“Poverty in the Midst of Plenty is a paradox that must not go unchallenged in this country.”
— John F. Kennedy
On April 10, 1963, President John F. Kennedy wrote a letter about the poor to then-Vice President Lyndon B. Johnson. He expressed concern that in this, one of the richest of nations, one-sixth of Americans lived in abject poverty: “below minimal levels of health, housing, food and education—in the slums of cities, in migratory labor camps, in economically depressed areas, on Indian reservations.”
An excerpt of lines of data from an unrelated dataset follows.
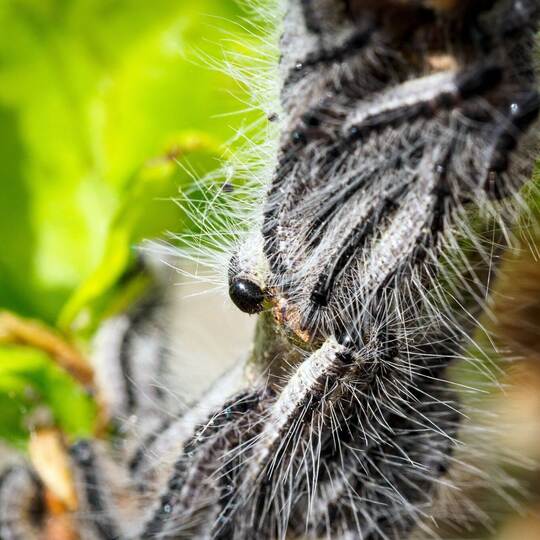 Kampf gegen den Eichenprozessionsspinner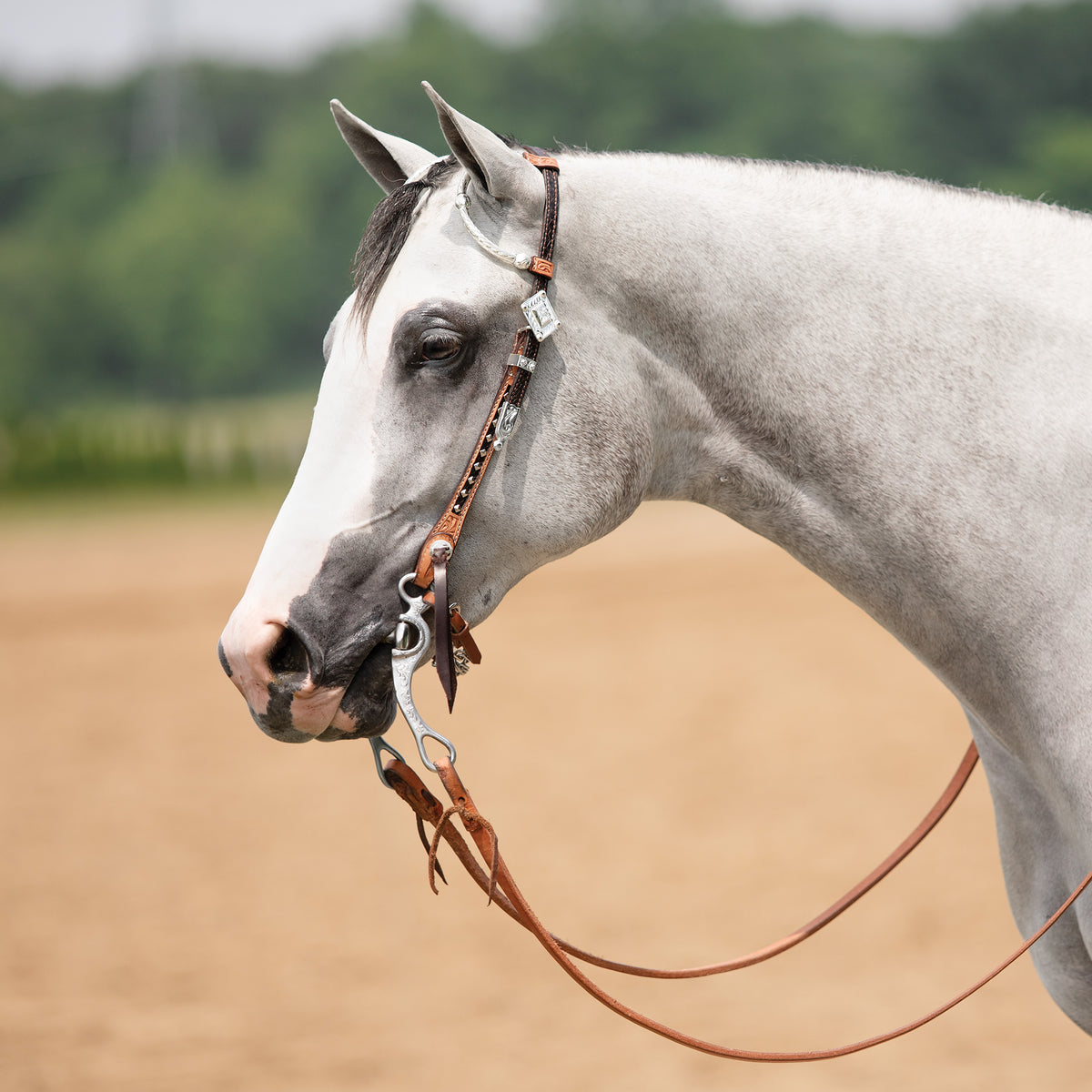 Billy Royal® Exotic Python Print Two-Tone Two Ear Silver Show Headstall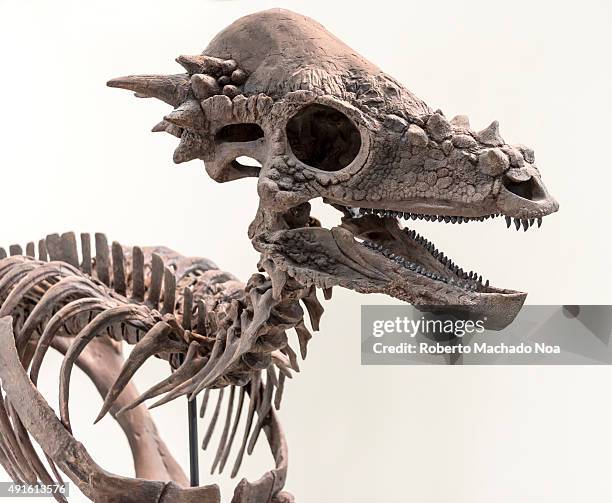 Close up of the skeleton of a dinosaur on display at the Royal Ontario Museum. The Royal Ontario Museum is a museum of art, world culture and natural...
When Kennedy wrote that letter, the United States was a very unequal nation, with wealth and power concentrated in the hands of white Americans with people of color living under Jim Crow laws; dying for the right to vote or walk down the same sidewalks; being redlined out of home, business and car loans; and fighting not to be denied a decent education, wage or opportunity for a good job.
In other words, wealth inequality was rampant, and many people didn’t have bootstraps to pull themselves up by.
It was also true for a large swath of white America, especially in the Deep South. It’s hard to believe today, but Mississippi was one of the richest states in the nation before the Civil War. But it was due to the free labor of slaves and, thus, the poverty of slaves didn’t count to the people in power.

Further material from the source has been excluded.